/---

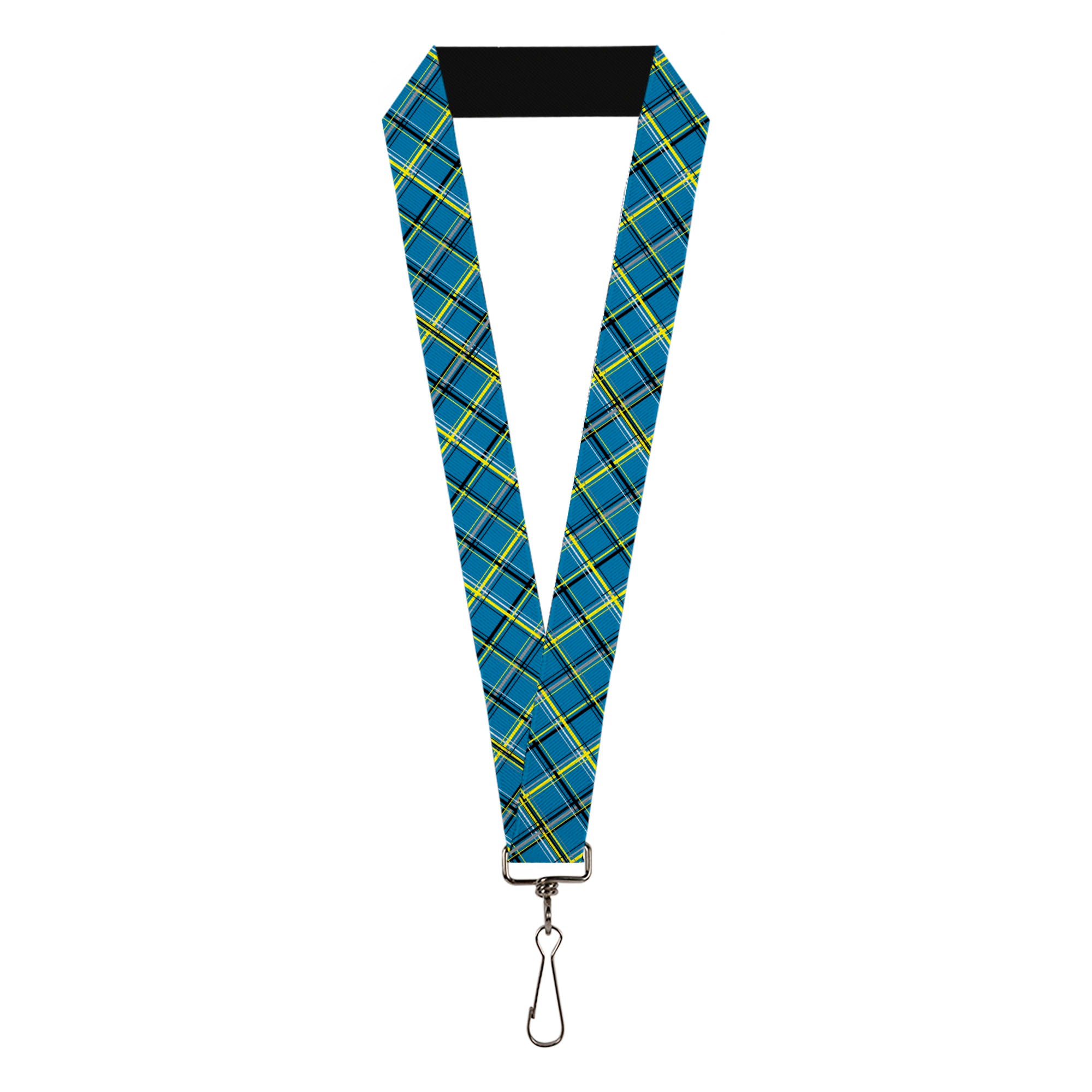 Lanyard - 1.0" - Plaid Turquoise Yellow Black Gray Lanyards Buckle-Down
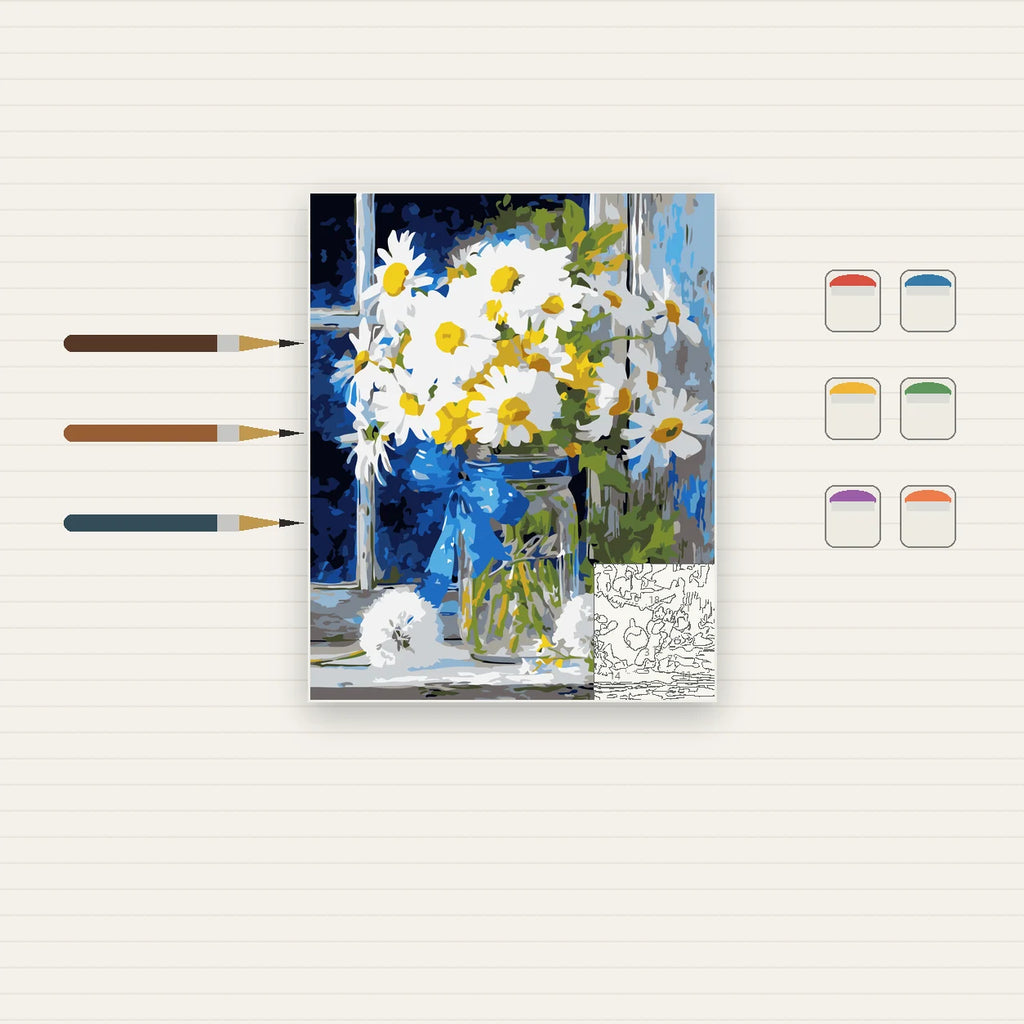 Complete White Daisies in Blue Vase numbered canvas being painted with acrylic paints and brushes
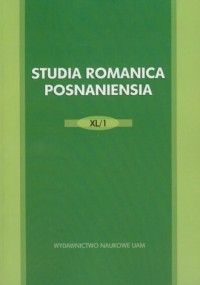 Studia Romanica Posnanesia XL/1 - okładka książki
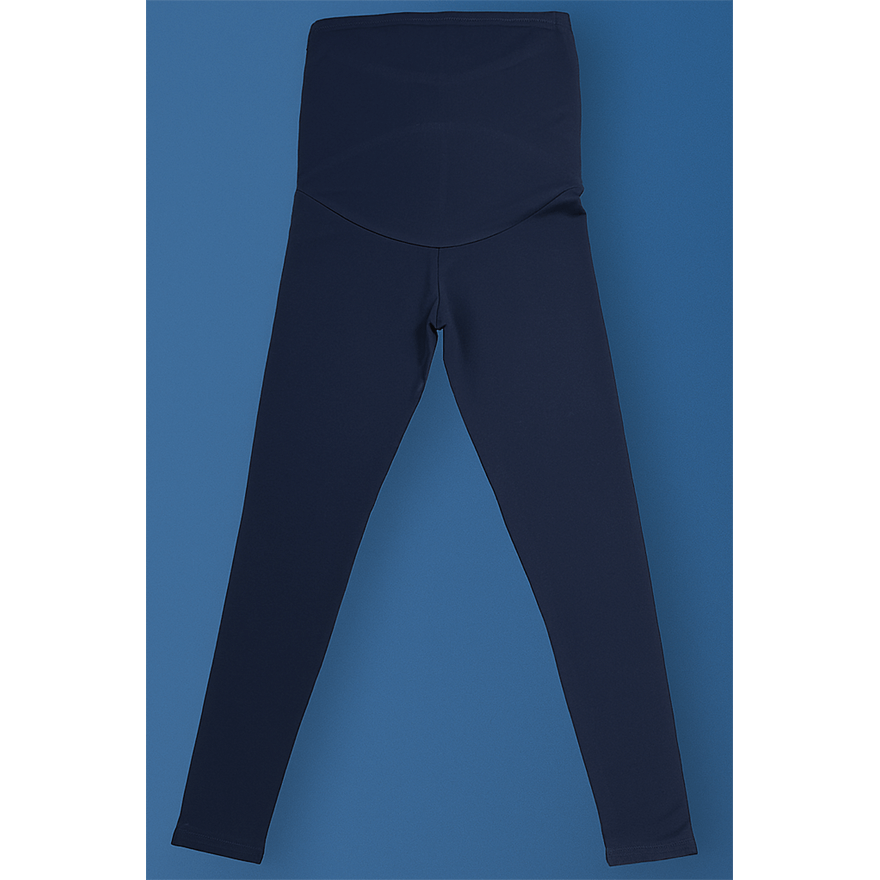 Legginsy ciążowe MAMA granatowe bezuciskowe z panelem getry wiosna lato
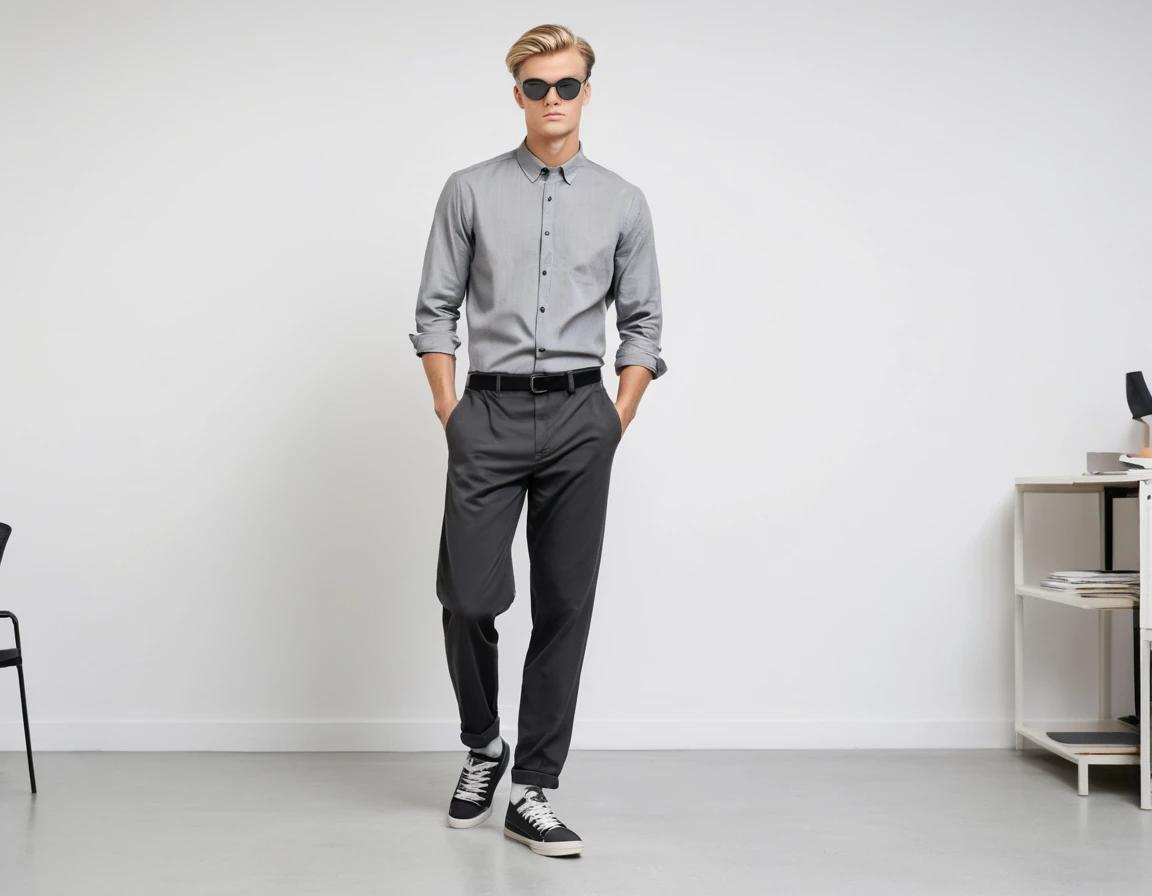 Men's metallic grey formal pant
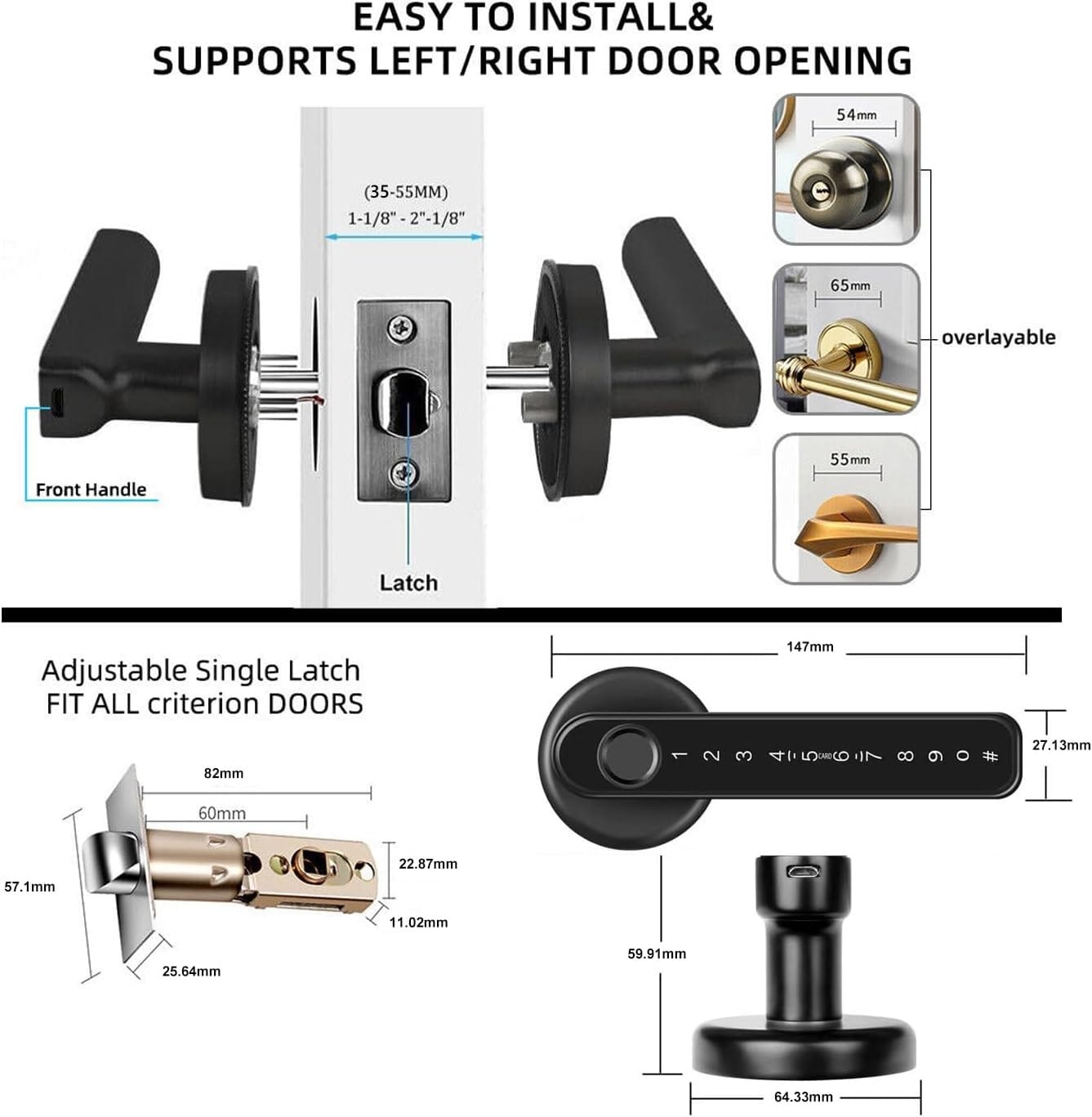 Matter Over Thread Smart Door Lock (Full Size Black) - Image 3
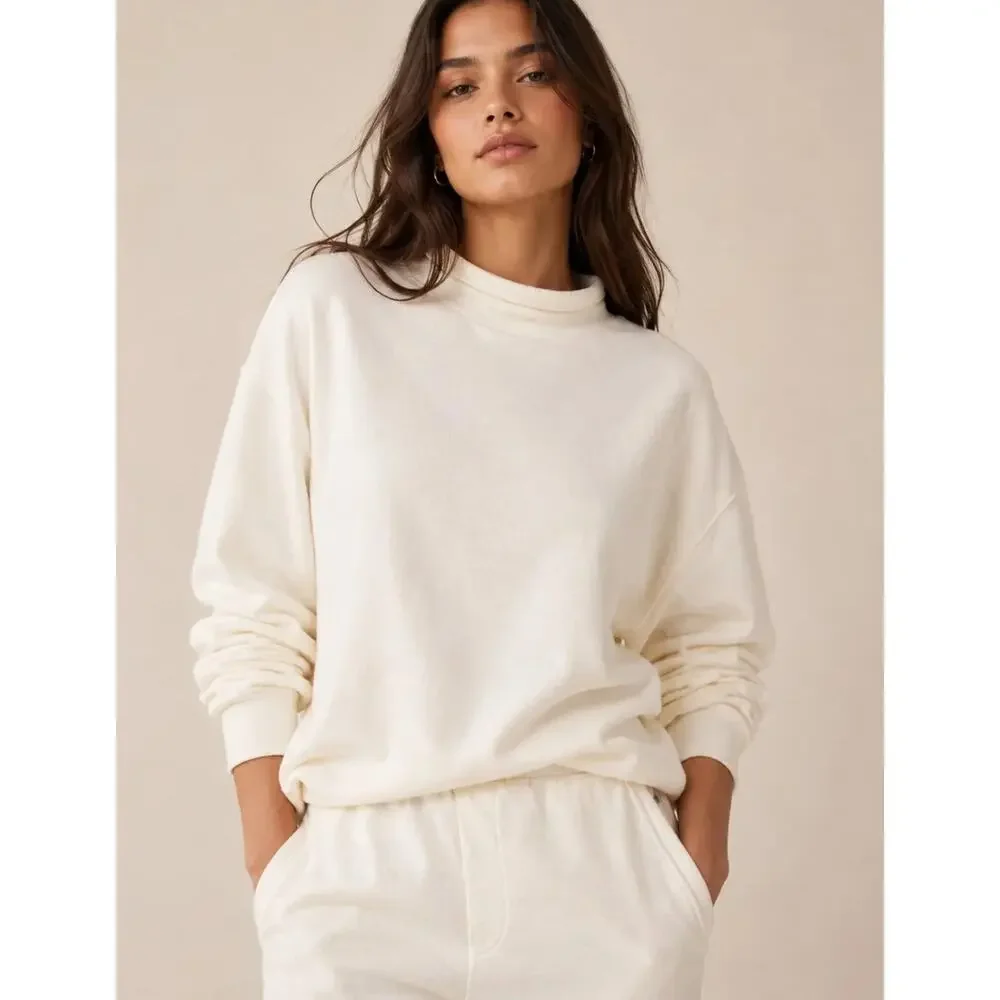 J.Crew Heritage Terry Rollneck Sweatshirt 100% Cotton Top Ivory CC944 Size S NWT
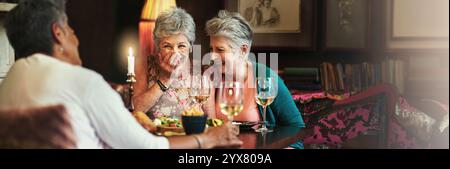Elderly people, friends and happy in home for dinner, reunion or gossip story in banner. Senior women, laugh and chatting with food for bonding Stock Photo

\---

> [Exercise details] Any picture found in the data is to be skipped while the rest is copied exactly.

> [Your solution]
 Lanyard - 1.0" - Plaid Turquoise Yellow Black Gray Lanyards Buckle-Down
 Complete White Daisies in Blue Vase numbered canvas being painted with acrylic paints and brushes
 Studia Romanica Posnanesia XL/1 - okładka książki
 Legginsy ciążowe MAMA granatowe bezuciskowe z panelem getry wiosna lato
 Men's metallic grey formal pant
 Matter Over Thread Smart Door Lock (Full Size Black) - Image 3
 J.Crew Heritage Terry Rollneck Sweatshirt 100% Cotton Top Ivory CC944 Size S NWT
Elderly people, friends and happy in home for dinner, reunion or gossip story in banner. Senior women, laugh and chatting with food for bonding Stock Photo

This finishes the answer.